In the early years of motorcycle manufacturing, getting an apprenticeship was essential for budding engineers. At the turn of the twentieth century, one such apprentice was Guiseppe Gilera. The foundations for what would become an internationally recognized motorcycle manufacturing company began at the Bianchi motorcycle company when Guiseppe began his apprenticeship at the age of 15.
By the age of 22 (in 1909) Guiseppe had designed and built his first motorcycle in Milan, Italy–a 317-cc OHV machine.

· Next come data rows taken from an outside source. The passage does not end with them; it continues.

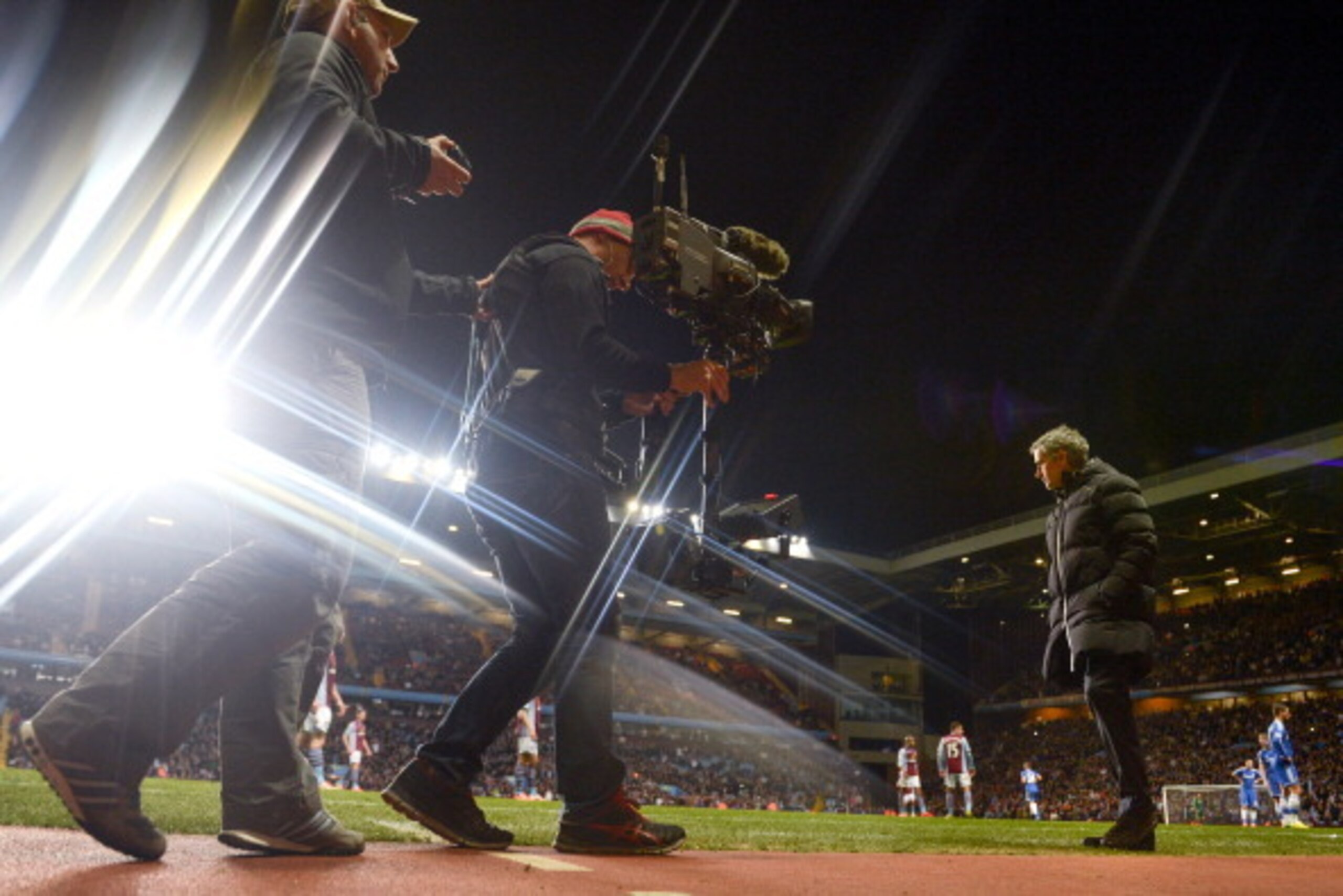 BIRMINGHAM, ENGLAND - MARCH 15:  (EDITORS NOTE: A special effects camera filter was used for this image.)  Jose Mourinho manager of Chelsea is filmed by a TV camera as he looks on during the Barclays Premier League match between Aston Villa and Chelsea at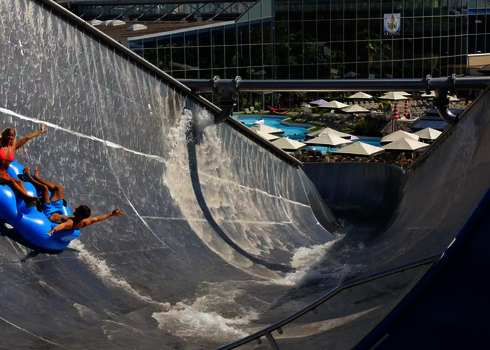 Menschen rutschen jubelnd eine Edelstahlwasserrutsche, im Hintergrund ein Gebäude mit Glasfassade.
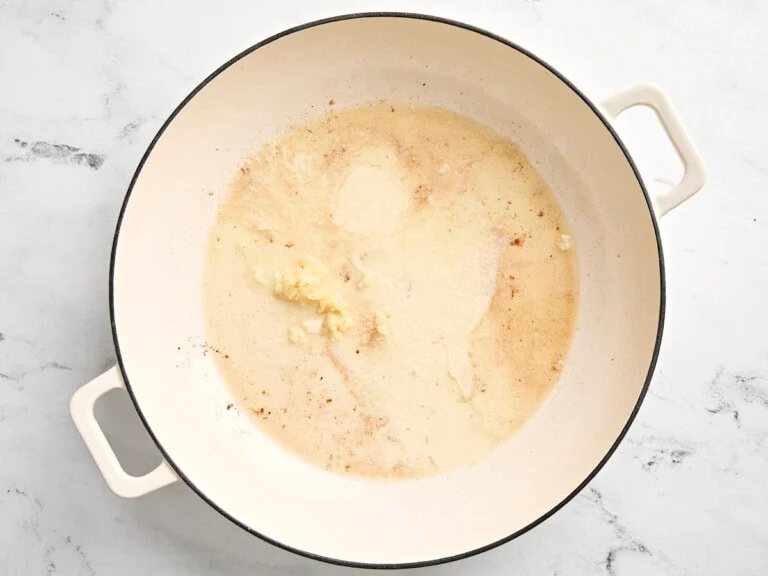 beurre et ail émincé fondant dans la poêle pour la sauce crémeuse des boulettes de poulet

As with many early motorcycle manufacturers, Gilera competed in races to promote his machine, winning a local Hill Climb event with his first bike. By 1911 he had established a small race team which proved to be competitive and brought about a meeting that would be the catalyst for Gilera motorcycles.
It was during a race meeting in Italy that Guiseppe met a lawyer who was experiencing trouble with his Harley Davidson. Guiseppe used his extensive mechanical skills to fix the Harley and in so doing impressed the lawyer enough for him to introduce him to some wealthy investors. The net result was a new company manufacturing single cylinder, and eventually twin cylinder side valve machines.
As the new company grew, a new base was needed to meet the demand for Gilera machines and a new facility was found in Arcore, which is North East of Milan. As the business expanded, other members of the Gilera family were given key positions, but to ensure a loyal workforce, he also gave interest free loans to employees to build houses in the area.
All of the early Gilera motorcycles used in competition were modified street bikes, but in 1924 an OHV push rod engine was introduced. This new design required many modifications before it became competitive in 1930/1 when a team consisting of Rosolino Grana, Luigi Gilera and Miro Maffeis won the International Trophy at the ISDT (International Six Day Trial) in Italy.
Over the years Gilera manufactured many different styles of machines, but one bike in particular had a major effect on the company’s fortunes: the supercharged four cylinder racer of the 1930s.
The origins of the 500 four-cylinder bikes can be traced back to the early 1920s when two designers, Carlo Gianini and Piero Remor, found a solution to a common problem with inline four cylinder engines, overheating. Other four cylinder machines of the time such as the Henderson used the inline design to keep the machines narrow, but inevitably the cylinders behind the first one got hotter as they received less cooling air flow.
The simple solution was to design an engine that placed the cylinders across the frame. Although this design ultimately limited the angle at which the bike could be leaned over before its cases touched the ground, it had, none the less, more efficient cooling.
The initial design is rumored to have produced around 28 hp at 6000 rpm, but by 1933 after much redesigning (including the addition of a supercharger and water cooling) the engine reputedly produced 60 hp at 8500 rpm. (Note: The motorcycle using this engine at the time was called the Rondine).
The Rondine went on to finish first and second at a race in Tripoli in 1935 and also set a world record of 152 mph over a flying km. (Records at the time were set either from a standing start or at full speed as they entered a set distance, in this case the kilometer.) Soon after the record was set, the parent company of Rondine, the Caproni Aircraft Company, sold the design and machines to Gilera with the proviso that Gilera would also get the designer, Taruffi, to come and work for them.
Crank Main Bearings
Seeing the racing potential of the four cylinder machines, Gilera asked Taruffi to concentrate on the engine’s known weakness, the crankshaft main bearings. The resultant design formed the basis of the machine that set some fifty world records and went on to win the World 500-cc Grand Prix championship of 1951 with rider Umberto Masetti .
Interestingly, although the Gilera four went on to become one of the most successful racers of all time, the factory never made a street version. The irony of this is that the Japanese manufacturer’s designs that eventually dominated the markets in the 70s were clearly based on the Gilera inline transverse fours.